(THE PROBLEM)
Look through the data below for the line with "Hope this feature" and the line with "So here is G, and", then transcribe exactly from the first through the second, leaving out all pictures.

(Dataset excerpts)

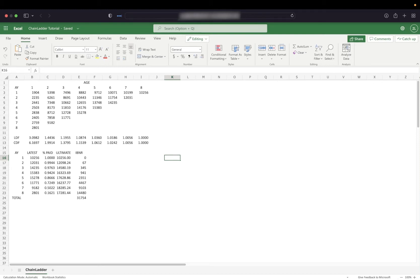In this video, I'll show you how to get started using R for actuarial science in less than 60 seconds by recreating a simple IBNR calculation in R.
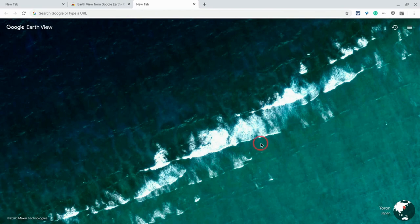Now, something to notice. There is a three-line, as I like to call it, veggie burger menu in the upper right. Let's go to that.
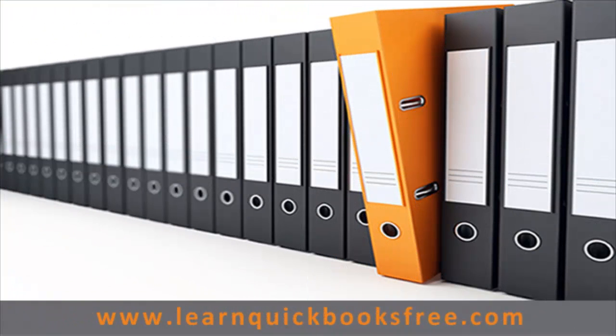And that concludes this lesson. You can visit our website at www.learnquickbooksfree.com to watch more videos.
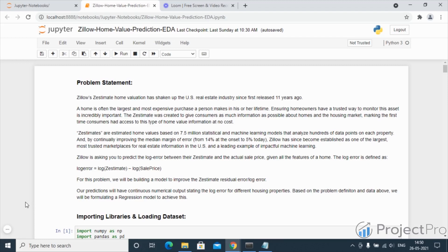This estimate was created to give consumers as much information as possible regarding homes and the housing market. This marks the first time consumers had access to this type of home value information, and that too at no cost.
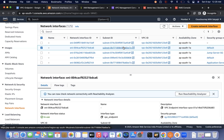That's it for today's video. We've learned how to create an interface endpoint, control communications via security groups, and verify traffic routing using TCP dump. In the next videos, we'll explore more use cases of interface endpoints. If you have any questions, put them in the comments and I'll help you out. Thank you for watching.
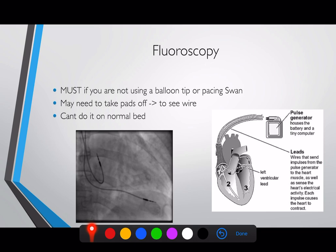If using a non-balloon-tipped or non-pacing swan wire, you want to use fluoroscopy. I would not put in pacing wires without fluoroscopy unless they are balloon or pacing swan types. One important consideration: you may need to take the pads off, especially with AP positioning. That's why the bi-axillary pad position is sometimes useful — you can continue pacing the patient transcutaneously whilst inserting the transvenous wire.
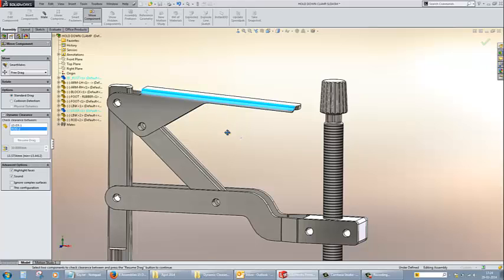Hope this feature helps you in your assembly design and thanks for viewing. Have a good day.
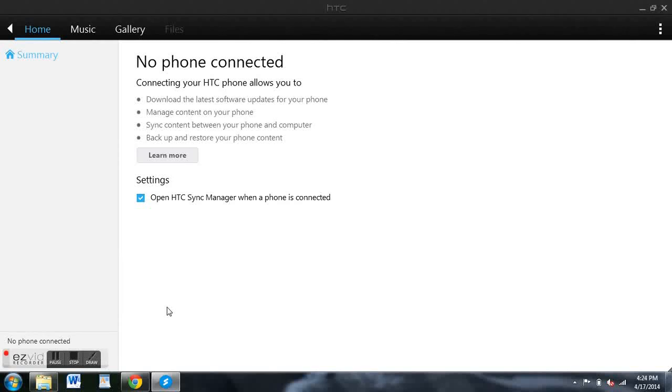Hey everybody, this is Jesse with HTC One SoftModder. Today I'm going to show you a really easy method to transfer data between your HTC One M8 and your PC.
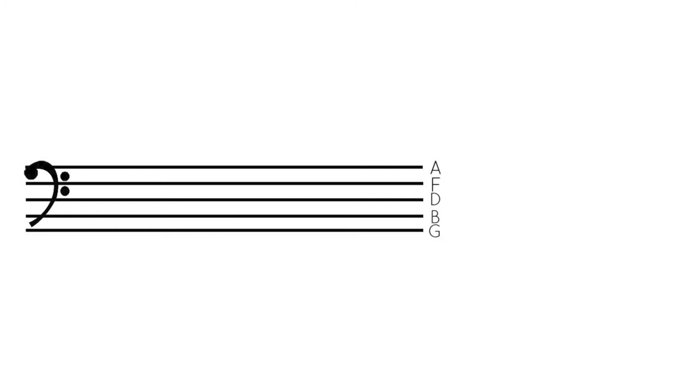So here is G, and this note right there is the open G string on the cello. So it is the third string on the cello. And then here is B, and then open D, this is the second string on the cello.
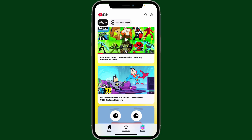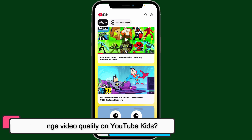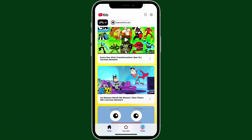Hi everyone, welcome back to another episode from Wakin Tech. Today I'm going to be guiding you through how to change video quality on YouTube Kids. Changing video quality on YouTube Kids can help save data or improve playback if you're having buffering issues. First of all, open up the YouTube Kids application on your device and select and start playing any video.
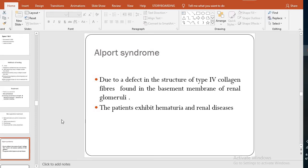We are studying the diseases associated with deformities in the synthesis of collagen. Alport syndrome is one such disease — here there is a defect in the structure of type 4 collagen.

(ANSWER)
Hope this feature helps you in your assembly design and thanks for viewing. Have a good day.
Hey everybody, this is Jesse with HTC One SoftModder. Today I'm going to show you a really easy method to transfer data between your HTC One M8 and your PC.
So here is G, and this note right there is the open G string on the cello. So it is the third string on the cello. And then here is B, and then open D, this is the second string on the cello.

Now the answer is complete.